Microsoft considers Slack enough of a threat to its Office business to officially list the popular workplace communication and collaboration tool as a competitor for the first time in its annual 10-K report to the Securities and Exchange Commission.

RELATED: Don’t call it a chat app! How Slack is sharpening its focus to compete against Microsoft and others

The addition of Slack to the list is the latest sign of the changing nature of the Office franchise as it shifts to the cloud. The tech giant launched its Slack rival, Microsoft Teams, for Office 365 subscribers last year. It’s the latest expansion of the product line long known for the Word, PowerPoint and Excel productivity apps.

The recognition of Slack as an Office competitor is one of the more notable tidbits from Microsoft’s 10-K report, released Friday. The annual filing gives investors a comprehensive update the company’s business.

We processed Microsoft’s 2017 and 2018 10-K filings through Microsoft Word’s “Compare Documents” feature to see what the company changed, removed and added this year.

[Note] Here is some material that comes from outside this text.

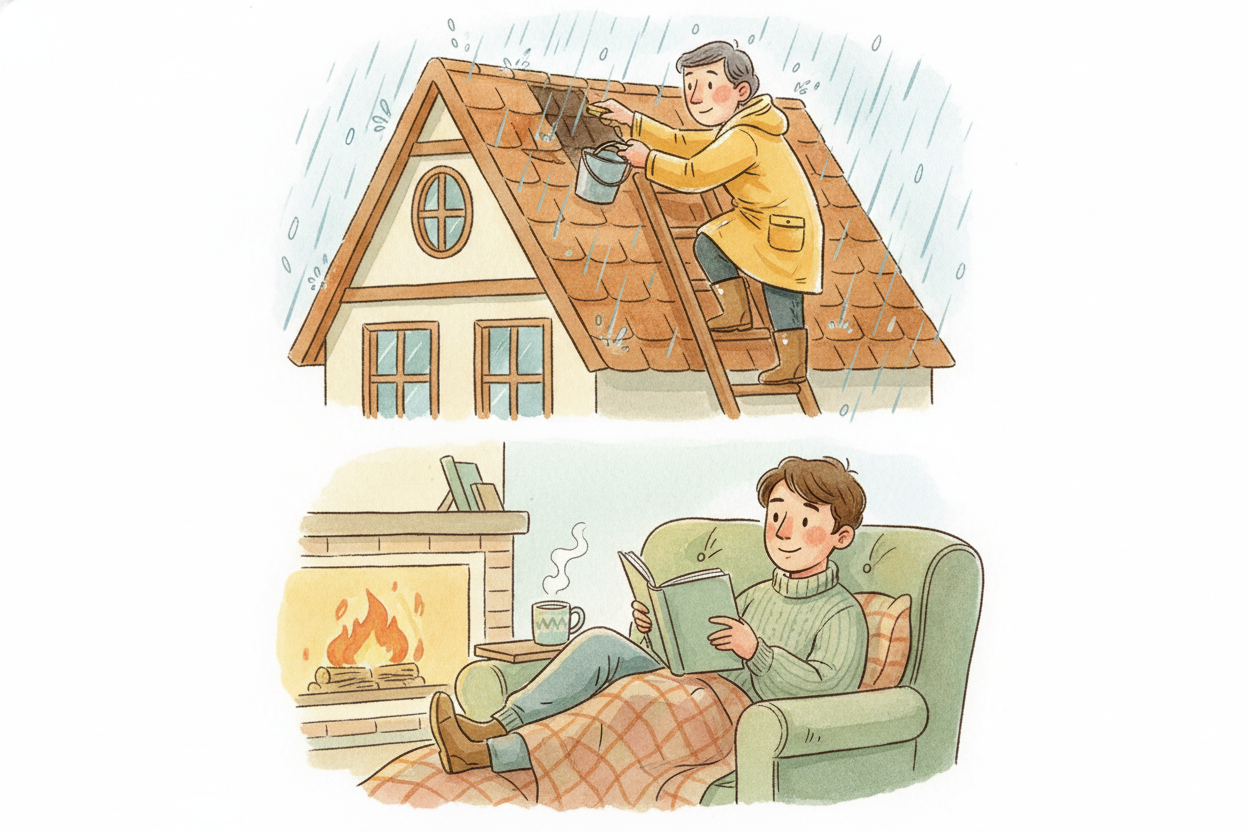 Renting also means you don't pay for big repairs. ~~Roof leaks? Furnace dies?~~ Landlord's problem. Homeowners open thei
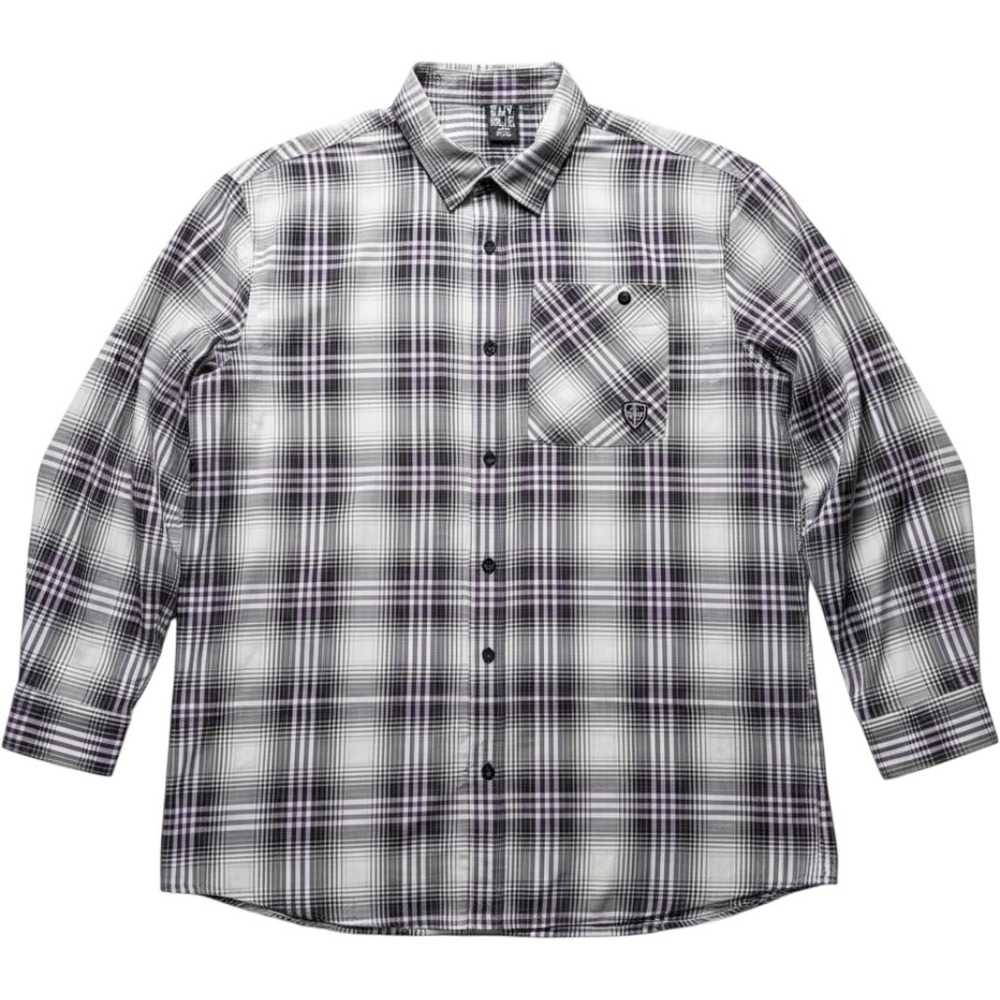 Enyce Shirt Mens 3XL Purple Plaid Long Sleeve Button-Up Embroidered Casual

Lists of rivals and risk factors are an obligatory part of these regulatory filings, pointing to competitive threats and providing legal cover by outlining the potential worst-case scenarios for investors. Much of the language is repeated from year-to-year. Because of that, the changes and additions stand out as glimpses into the company’s current mindset.

Microsoft recently unveiled a free Teams version that can be used without a subscription, escalating its Slack challenge. The company said in March that more than 200,000 organizations were using Microsoft Teams. Slack said in May that it is used by 500,000 organizations, with 8 million daily active users, including more than 3 million paid users. Microsoft, however, has the long-term advantage of being able to offer Teams to its base of more than 135 million Office 365 business users.

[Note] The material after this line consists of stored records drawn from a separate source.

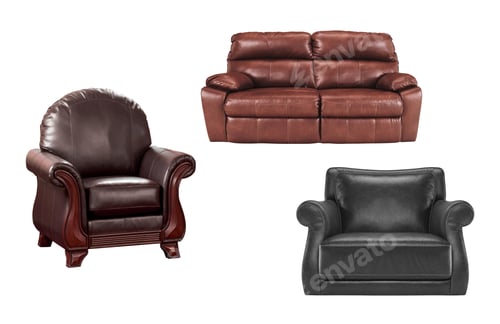 Preview: Cozy leather chairs with sofa isolated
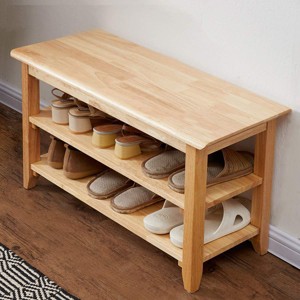 Solid Wood Storage Bench with Shoe Rack - Rustic Entryway Bench with Natural Wood Grain, Functional and Stylish - 1 of 4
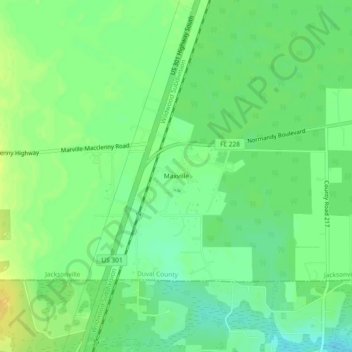 Maxville topographic map, elevation, terrain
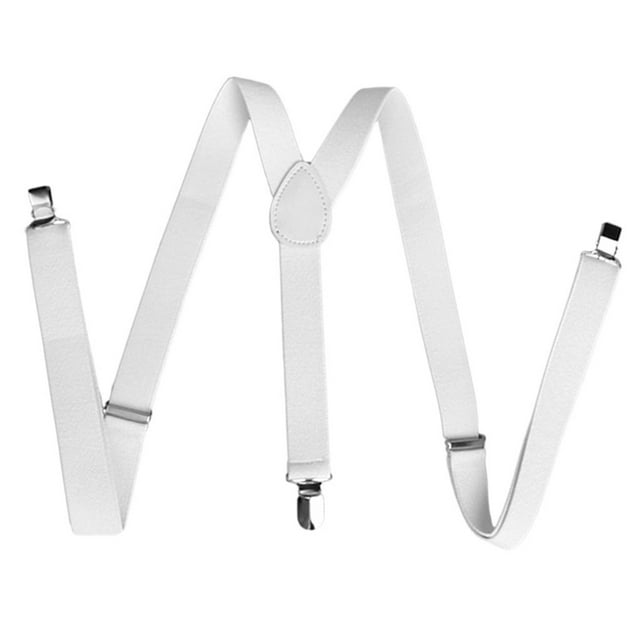 Tirantes Ajustable Elástico Y-Forma 3 Clips Ancho 2.5 cm Accesorio de Pantalón Hombres - Blanco Baoblaze Y back-liga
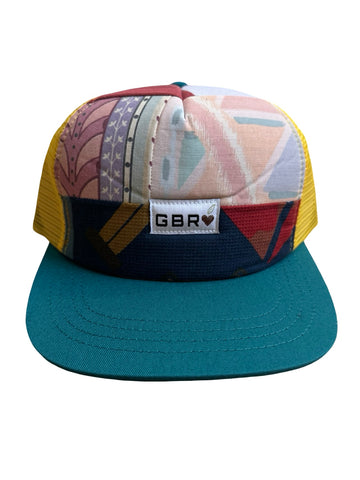 Trucker - turquoise brim/yellow mesh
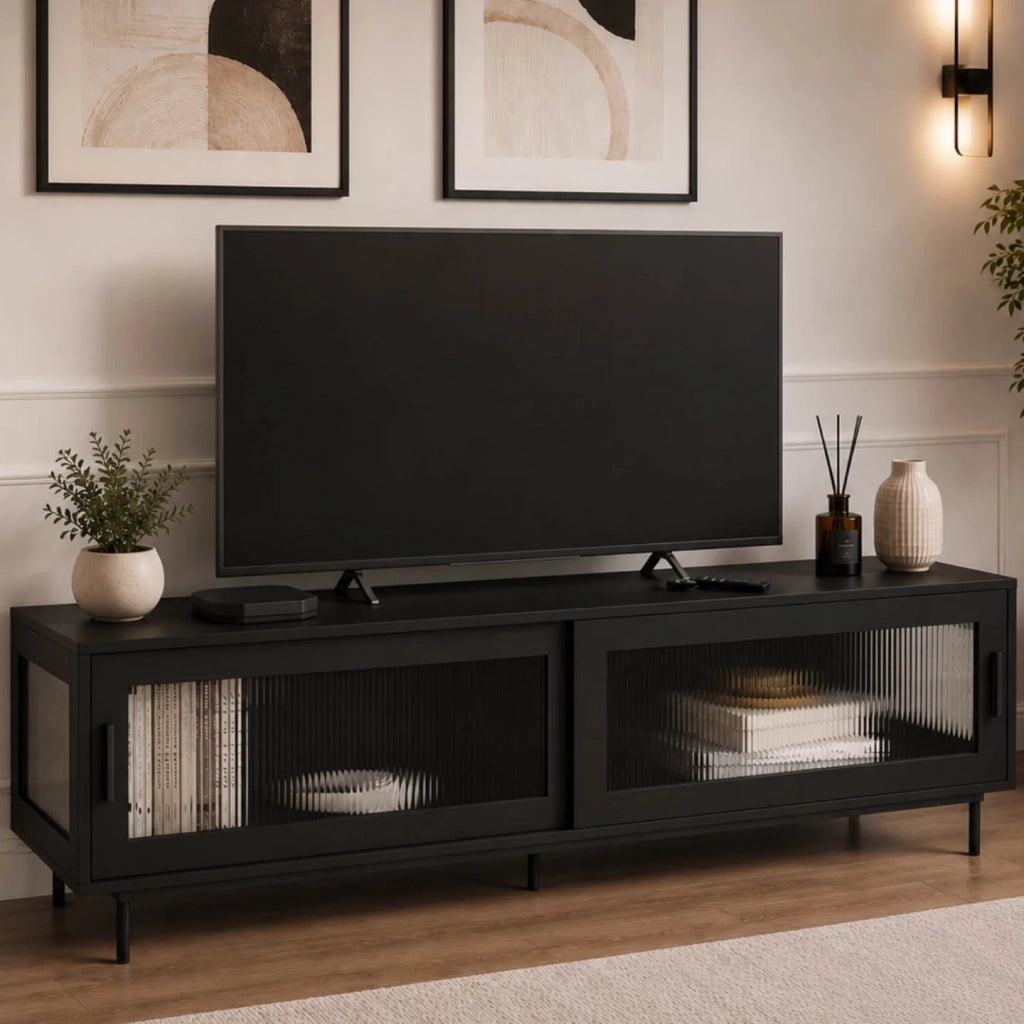 IDMarket - Mobile TV ZINEB 140 cm, 2 ante scorrevoli in vetro, frontale nero scanalato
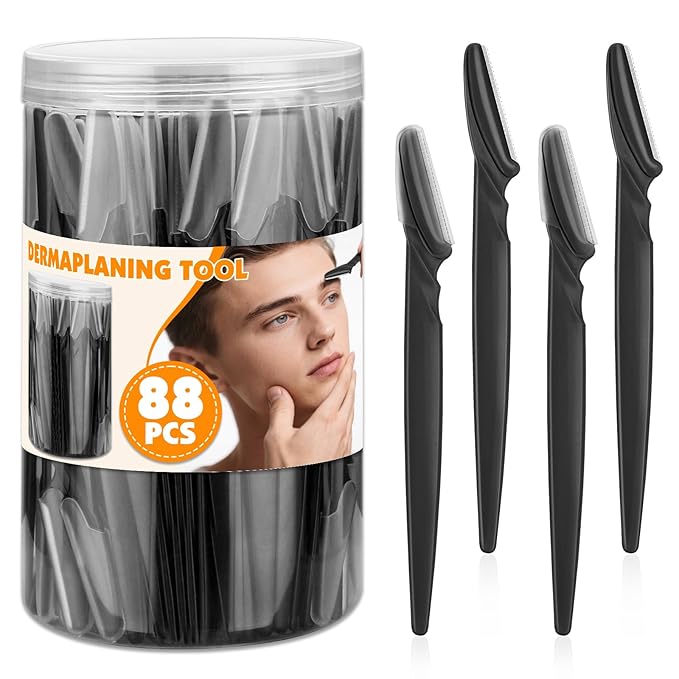 Phyyixs 88 Pcs Eyebrow Razors & Face Razors for Women in Storage Jar – Black Color Dermaplane Razor for Women Face & Men, Safe Face Shaver with Protective Covers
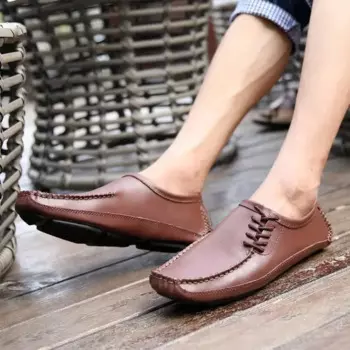 Лоферы мужские кожаные, Мокасины с одной педалью, деловая одежда, лето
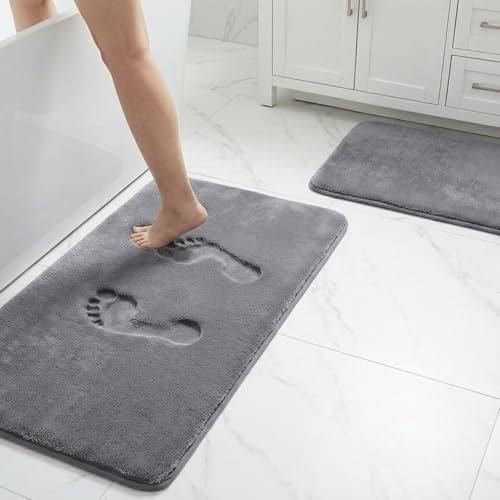 winder home | Badteppich Set 2 Teilig | „Sweetness“ 40×60 cm & 60×90 cm | Badematten & Badteppiche, rutschfeste Badematte | Waschbar Badezimmer Teppich, Saugfähige Duschvorleger, badeteppich (Grau)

[Note: Number of Office 365 business users corrected since original post.]

Another new sentence in this year’s 10-K report describes Teams as “core to our vision for the modern workplace as the digital hub that creates a single canvas for teamwork, conversations, meetings, and content.”

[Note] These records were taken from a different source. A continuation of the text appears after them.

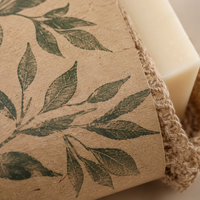 Manchon en papier kraft imprimé sur mesure pour savon, motif botanique, emballage écologique fait main pour marque naturelle, vente en gros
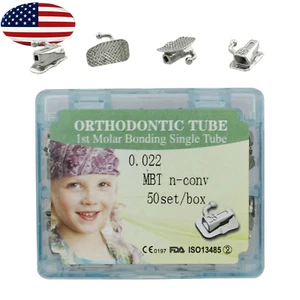 200 Pcs Orthodontic Buccal Tubes First Molar 0.022 MBT Bondable Non-Convertile - Picture 1 of 9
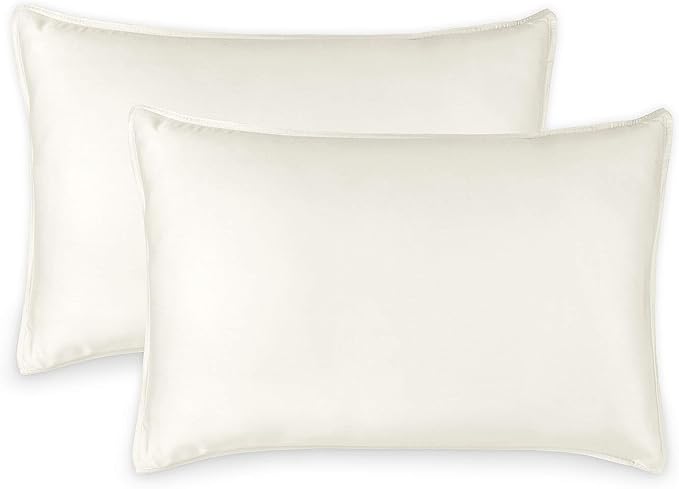 Queen Pillowcases by Pure Bamboo, Genuine 100% Organic Viscose Derived from Bamboo, Luxuriously Soft & Cooling, Double Stitching, Envelope Closure (2 Queen Pillowcases, Ivory)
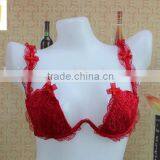 Hot Sexy Triangle Bright Red Flower Lace Bra With Wedding Hall thumbnail-1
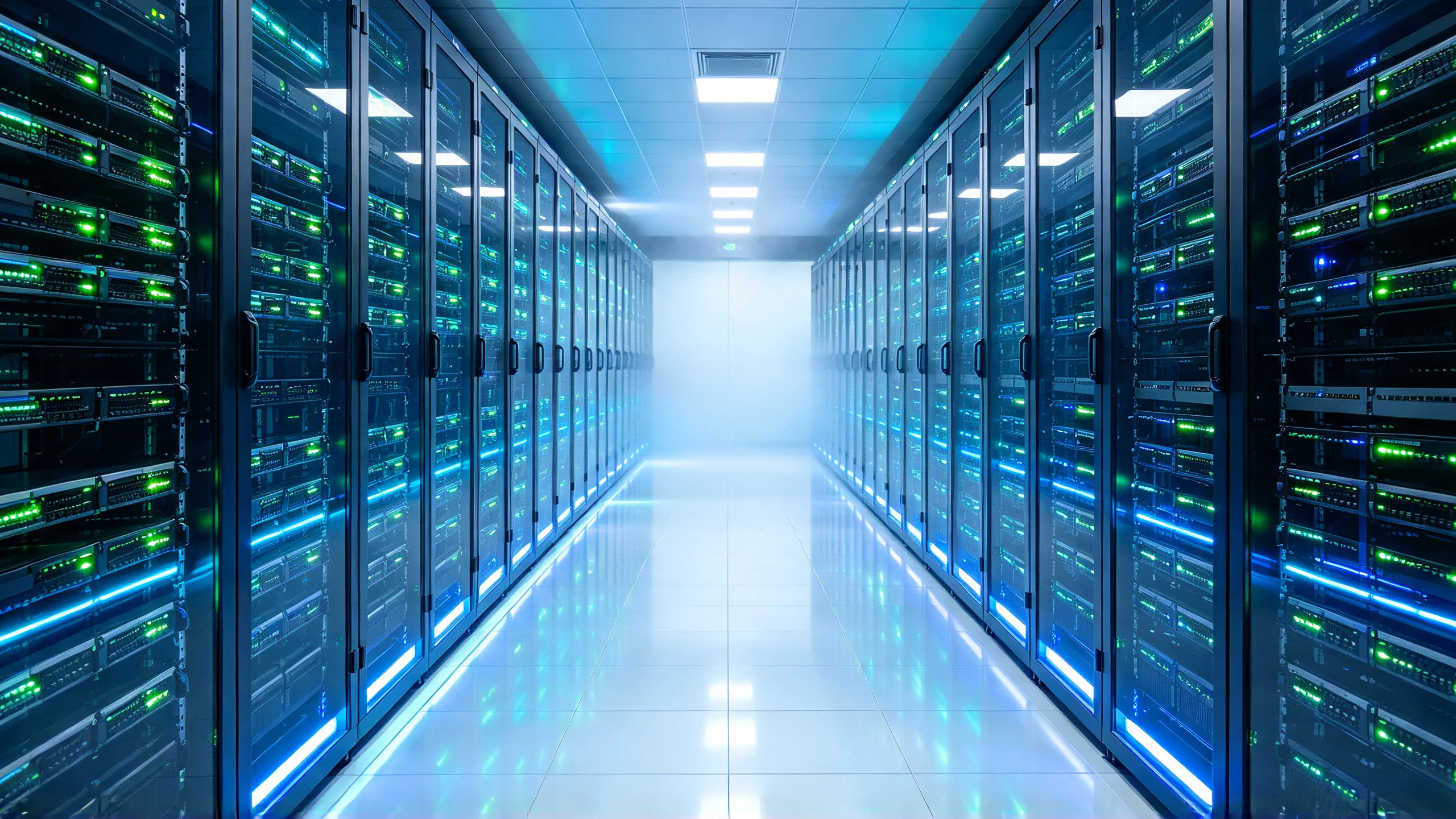 Corredor de data center com servidores, representando os bancos de dados consultados por algoritmos em ordens de busca reversa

In addition to adding Slack, Microsoft removed Oracle, IBM and Adobe from the list of Office competitors. The removal of Adobe follows efforts by the companies to deepen their partnership in areas including the cloud and e-signatures, as well as further integration of Adobe PDF capabilities into Office 365.

Meanwhile, new revenue numbers in the 10-K show the continued growth of the Office business following Microsoft’s shift to a cloud subscription model. A section in the 10-K each year groups revenue by major product lines, providing a glimpse of the company’s performance through the lens of its well-known products and services. (This can often be difficult to decipher in the company’s quarterly earnings reports, which separates various products into different divisions.)

According to the 10-K, revenue for Office products and cloud services rose 10.7 percent to $28.3 billion in Microsoft’s fiscal 2018, which ended June 30. Office was followed closely by Server products and cloud services, with revenue of $26.1 billion, up more than 20 percent. Revenue in Microsoft’s Windows business rose about 5 percent to $19.5 billion.